Your method is OK - it works, right?
If you want to do the work and have more fine tuned selections, do the following stuff for one carrier at a time.
IMPORTANT: Signal readings and bandwidth speed often don’t correlate - they should, but it’s not the reality given the complexity of LTE. Measuring throughput is the de facto standard. Being aware of both is of course good.
IMPORTANT: Use the directional antenna connected to your signal meter for your readings - not the 9" antenna that comes with the meter. You’ll get readings that are based on the gain that you’ll actually be using when connected to the router.
First of all, use cellmapper.net to find what towers are in your area. This tool will list the towers, their bands, their strength, their location (you’ll have to plot the lat/lon coordinates using this tool beside Google Maps). This will tell you what bands SHOULD be available to you - keep in mind the topography between your location and the various towers. If you have an omnidirectional antenna to use temporarily, it will help - you can put the router in Auto band mode and see what it picks up, then you can see the cell ID in the Dashboard LTE connection page to find the tower using the cellmapper.net tool. This will often show you a tower that other databases don’t have - interesting. Note these coordinates since this is the most likely tower to use for aiming your directional antennas.
The signal meters don’t work well for LTE bands UNLESS you use it in Channel scanning mode but it’s a bit more work - signal meters in “band” mode generally only show a carrier’s primary band/s and other bands OFTEN work better. Do a bit of research on what the frequency ranges are for the bands in your area. Then use the signal meter in channel mode to find your best RSRP db when aiming. Directional antennas such as the Panorama and Poynting 5G offerings are pretty easy to aim since their horizontal dispersion is wide - yagis are a different story (more precision required).

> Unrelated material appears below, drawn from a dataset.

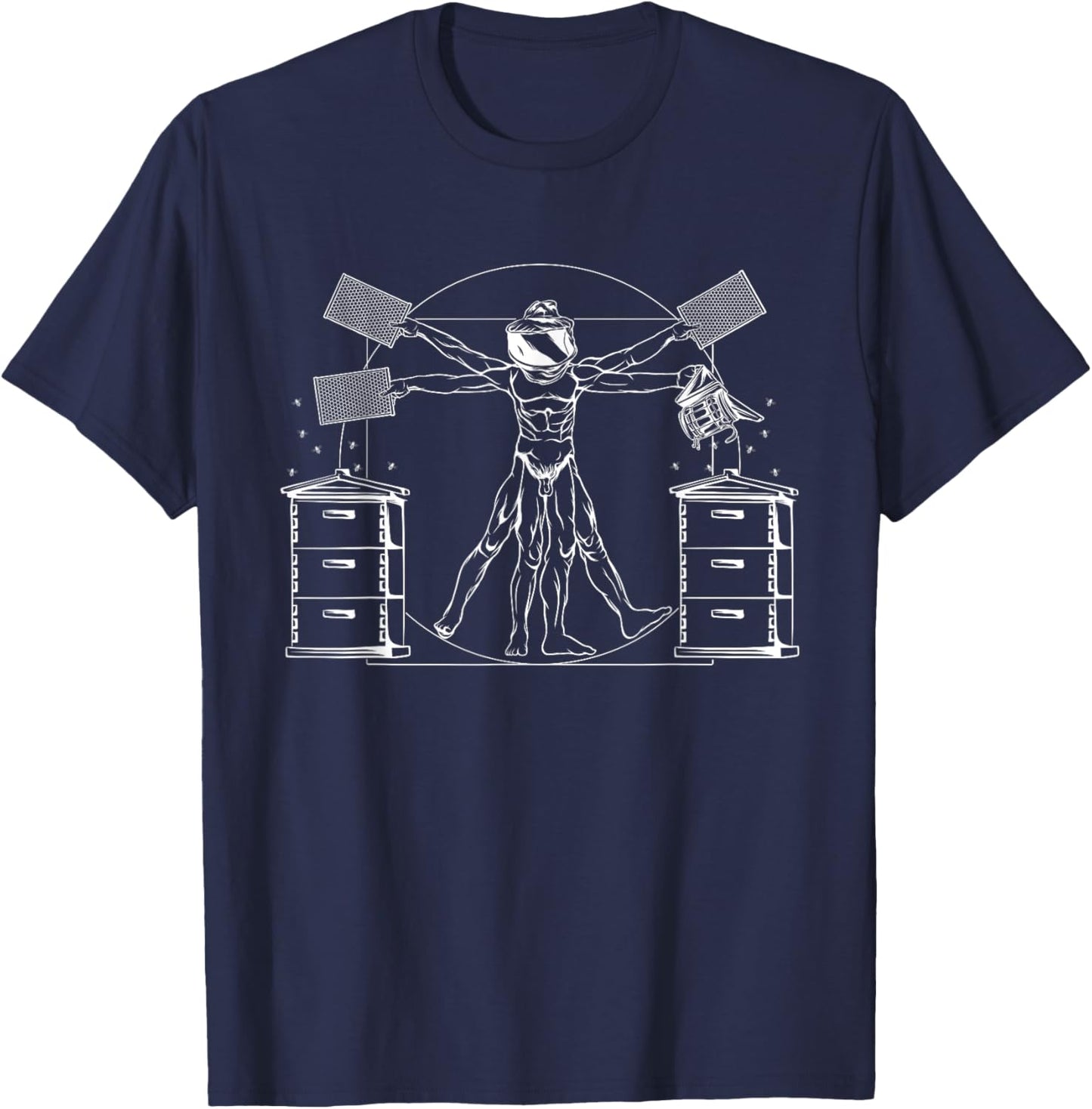 Honey bees beekeeper frames hives bees honey beekeeper T-Shirt - T-Shirt | Navy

Once you correlate your signal readings, via channel frequency strength, to bands, turn off the unavailable bands using Custom settings for the carriers that you have sims for.
After you have a general idea of what towers are in your area and their coordinates, the surefire way to see if bands are available is to turn off Auto selection in the router and use Custom band setting. For a particular carrier’s sim, select one band at a time and see if your router connects and what the signal readings are. This is pretty much what you’re doing already.
For BANDWIDTH, don’t measure bandwidth using the router, rather, use a client speed test utility since the bandwidth at the “desktop” is what matters. Make a note of the bands that connect. Use the cell ID noted in the Dashboard to verify that it is connecting to the tower you expect (cellmapper.net).
Your Max Transit Duo will aggregate bands. In my case, having done all of the research and testing, my best bandwidth is the following:
AT&T - aggregation of TWO band 2s
Verizon - aggregation of TWO band 66s
I hope this gets you started. In the end, the signal meter didn’t help much for fine tuning panel antennas - there just wasn’t much variance in strength/bandwidth when the antenna was several degrees off from the precise antenna location (I can see the AT&T antenna). I still found comfort in knowing that they were precisely aimed.
If you are using your router while mobile, I highly recommend a panel directional. Also, do your research before you leave on a trip, if you know the locations that you’ll be stopping. I use my router both at home and on the road. My signal meter is most useful when I’m really remote - it can at least give me a general direction to begin aiming my antennas.
Hope this gets you started. I have a lot of experience with this since I’m so anal.